He told the committee there had been nothing comparable to the current crisis in modern Government and that Ministers are being required to make decisions at an extremely fast rate.
Mr Shapps said that every transport sector had to adjust to the crisis. He said he was pleased with the performance of every structure in place.
When he spoke on Wednesday, London Underground usage had reduced by 91%, but that the number of freight trains had been increased and that rail freight workers had been designated as key workers.
Asked about staffing shortages in rail control centres, Mr Shapps said he had discussed this with Andrew Haines, Chief Executive of Network Rail. He said that in general, control room environments were sustaining well. Staff were turning up for work.

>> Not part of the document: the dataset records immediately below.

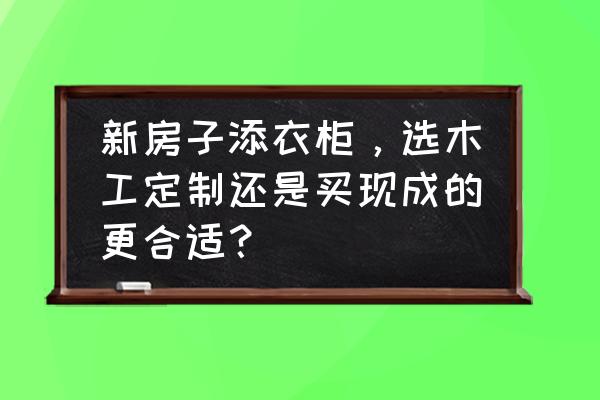 定制家具和成品家具哪个便宜一点 新房子添衣柜，选木工定制还是买现成的更合适？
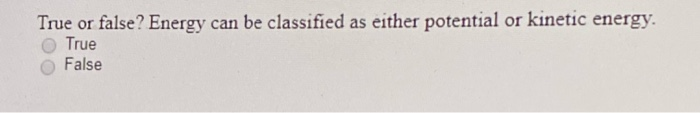 Solved True or false? Energy can be classified as either | Chegg.com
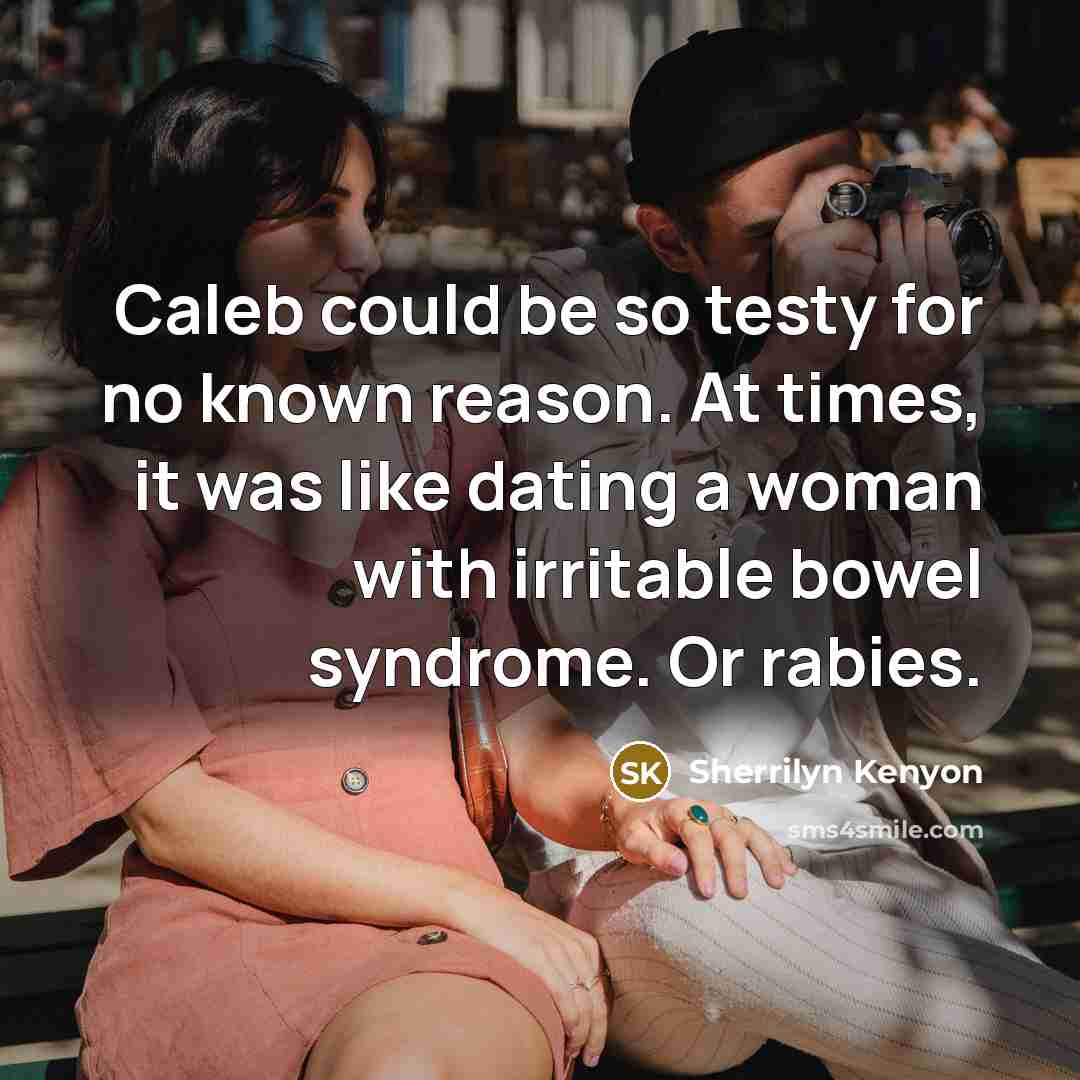 “Caleb could be so testy for no known reason. At times, it was like dating a woman with irritable bowel syndrome. Or rabies.” quote by Sherrilyn Kenyon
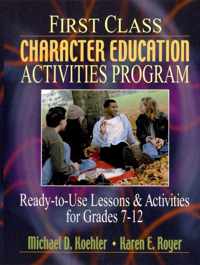 First Class Character Education Activities Program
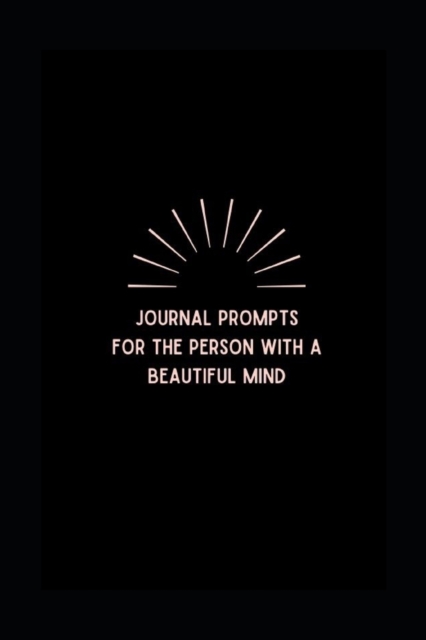 Journal prompts for the person with a Beautiful Mind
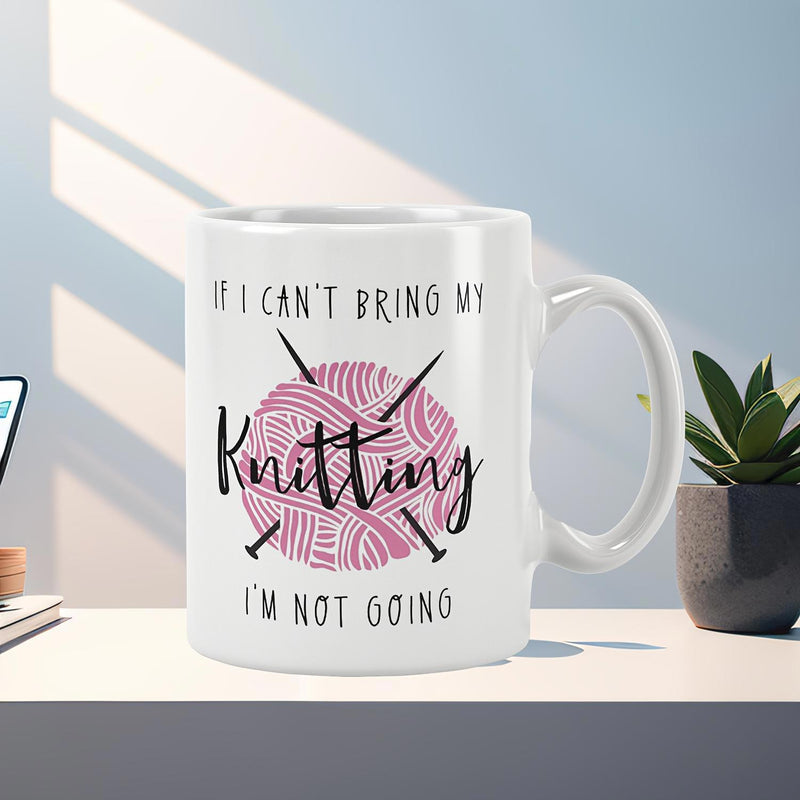 Tailorly White Ceramic 11 oz Mug - If I Cant Bring My Knitting Im Not Going Soft Pink Ball Of Yarn With Crossed Knitting Needles Knitting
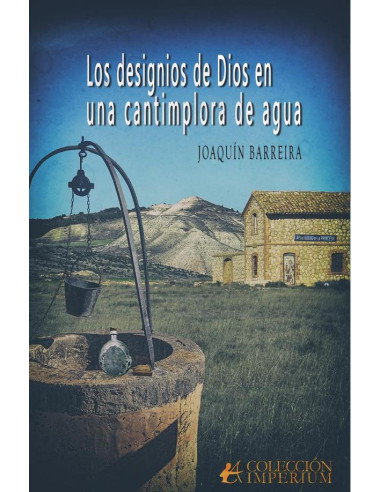 Los designios de Dios en una cantimplora de agua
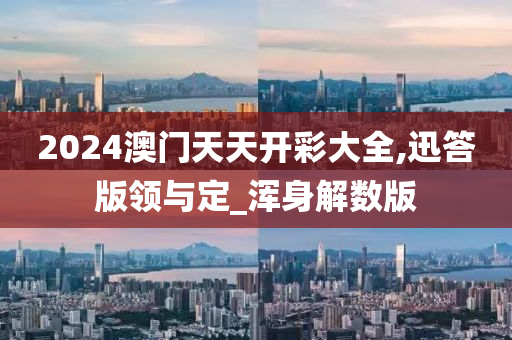 2024澳门天天开彩大全,迅答版领与定_浑身解数版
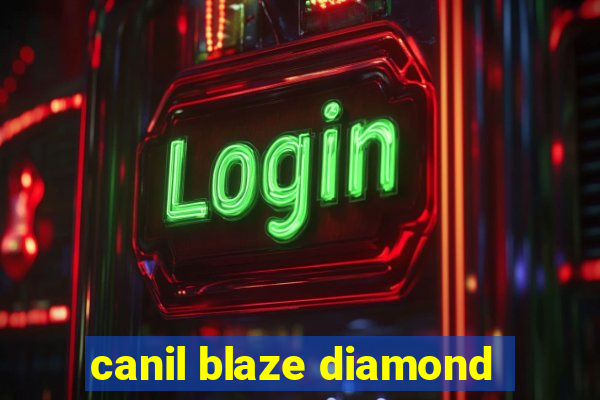 canil blaze diamond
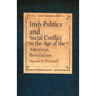 Irish Politics and Social Conflict in the Age of the American Revolution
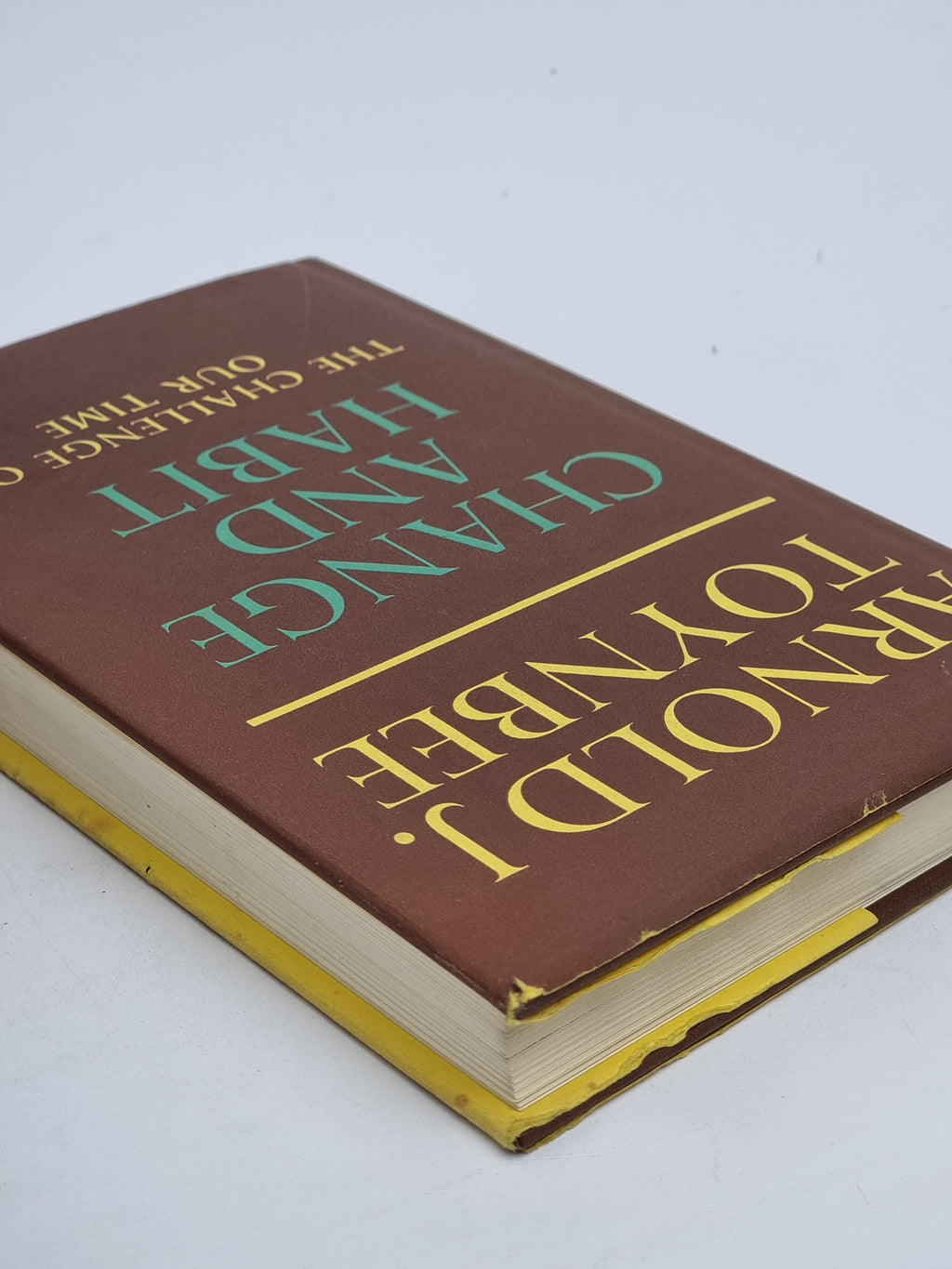 Change and Habit: The Challenge of Our Time, Arnold J. Toynbee — 1st Ed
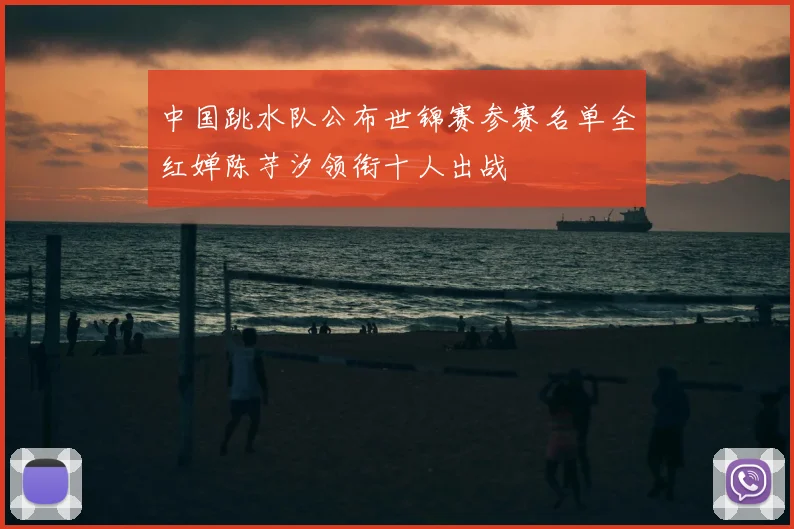 中国跳水队公布世锦赛参赛名单全红婵陈芋汐领衔十人出战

The Secretary of State said he had been informed about problems in one location, which were now resolved, and praised Network Rail in doing a great job in monitoring the situation.
He was asked by MP Sam Tarry about whether non-essential staff (such as ticket barrier staff) could be stood down to ensure the railway operated with skeleton staff.
He said that ticket sales had reduced by 98% compared to last year. Given the falls in revenue, he did not expect ticket barrier or office staff to be working at the moment, but he would look further into the issue.
There had already been an 84% reduction in footfall on passenger services compared to last year, before the recent measures were taken to reduce rail timetables. Rail operators would therefore be getting close to running a skeleton staffing service.
Sam Parry also asked about the Secretary of State’s discussions with the Mayor of London about reinstating Underground services during rush hour.
Mr Shapps said he had been very careful not to enter a public political disagreement with the Mayor. He said Andy McDonald MP, the Shadow Secretary of State for Transport, had been helpful and offered constructive ideas.
Mr Shapps said services on the Underground had been reduced too much compared to the number of people who still needed to work. The problem was not solely construction workers needing to travel. He has spoken to the Mayor of London raising six different points to improve the situation, based on information available to the Department for Transport internally.